- _Required action_:
Only the lines from the one that contains "Mala studena dolina" through the last line of the data below should be duplicated, exactly and without pictures.
*** Opening Working data ***
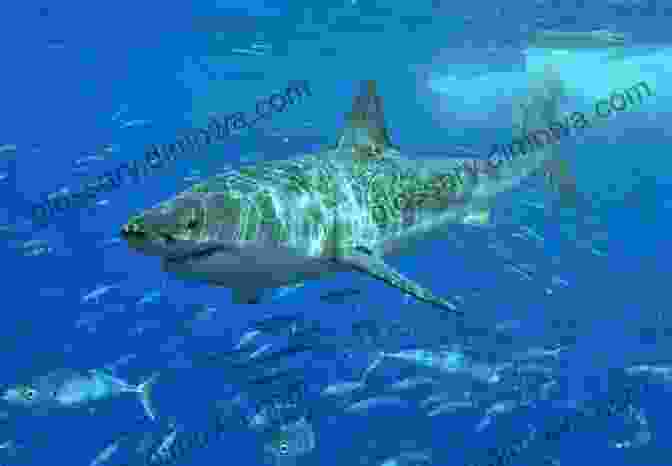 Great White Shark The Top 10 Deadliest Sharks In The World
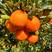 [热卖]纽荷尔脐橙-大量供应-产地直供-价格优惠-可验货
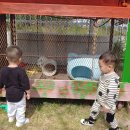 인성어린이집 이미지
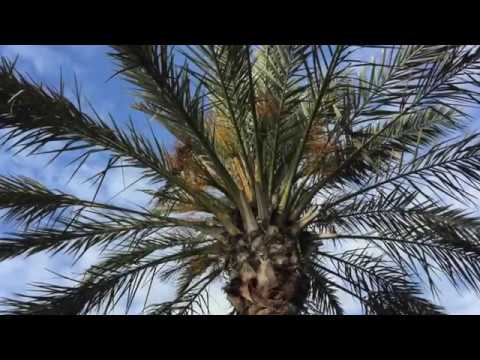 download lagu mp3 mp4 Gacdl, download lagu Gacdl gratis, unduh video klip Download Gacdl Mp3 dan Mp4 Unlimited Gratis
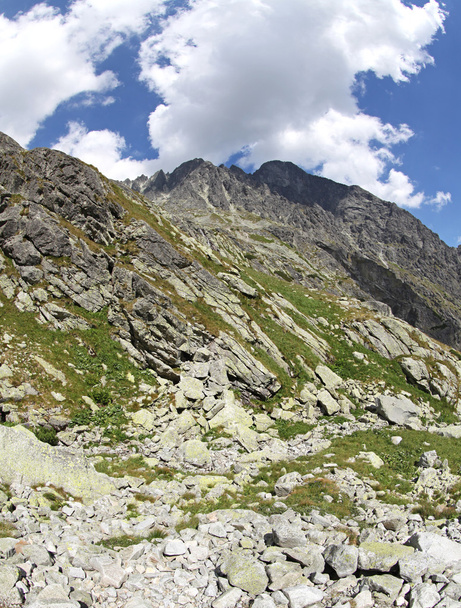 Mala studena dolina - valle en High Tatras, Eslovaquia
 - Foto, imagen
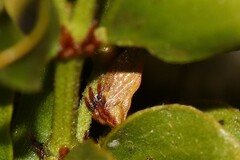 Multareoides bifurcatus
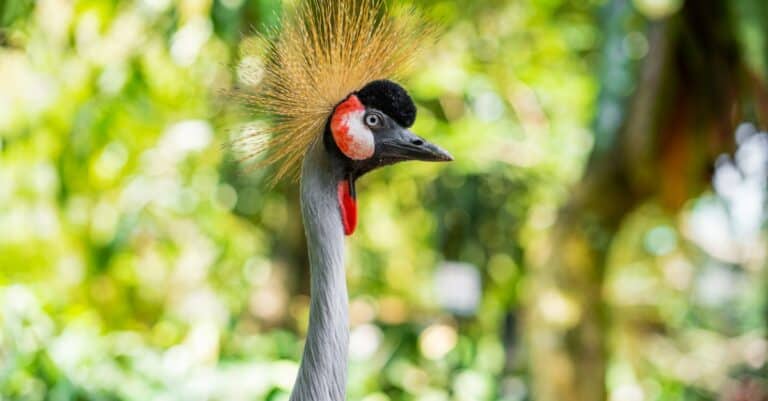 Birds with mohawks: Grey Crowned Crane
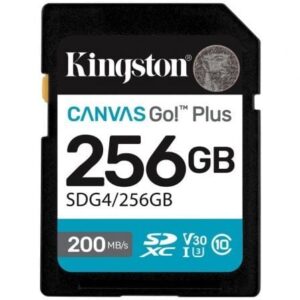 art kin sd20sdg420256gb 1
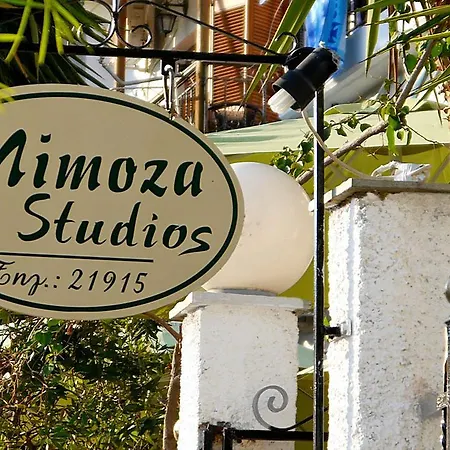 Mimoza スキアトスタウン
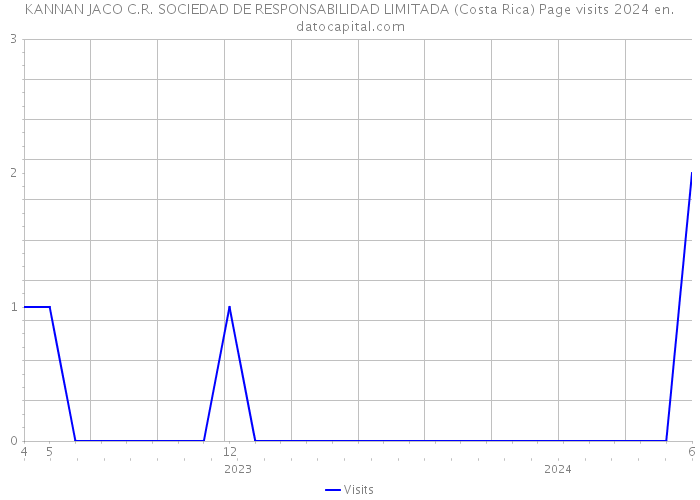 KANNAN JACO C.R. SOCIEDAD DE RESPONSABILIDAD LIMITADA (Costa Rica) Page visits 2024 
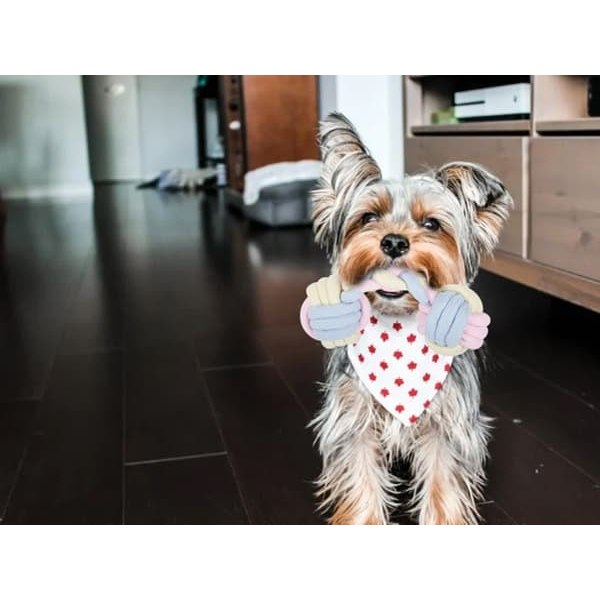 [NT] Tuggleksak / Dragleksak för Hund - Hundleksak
*** Closing Working data ***
- _Your solution_:
 Mala studena dolina - valle en High Tatras, Eslovaquia
 - Foto, imagen
 Multareoides bifurcatus
 Birds with mohawks: Grey Crowned Crane
 art kin sd20sdg420256gb 1
 Mimoza スキアトスタウン
 KANNAN JACO C.R. SOCIEDAD DE RESPONSABILIDAD LIMITADA (Costa Rica) Page visits 2024 
 [NT] Tuggleksak / Dragleksak för Hund - Hundleksak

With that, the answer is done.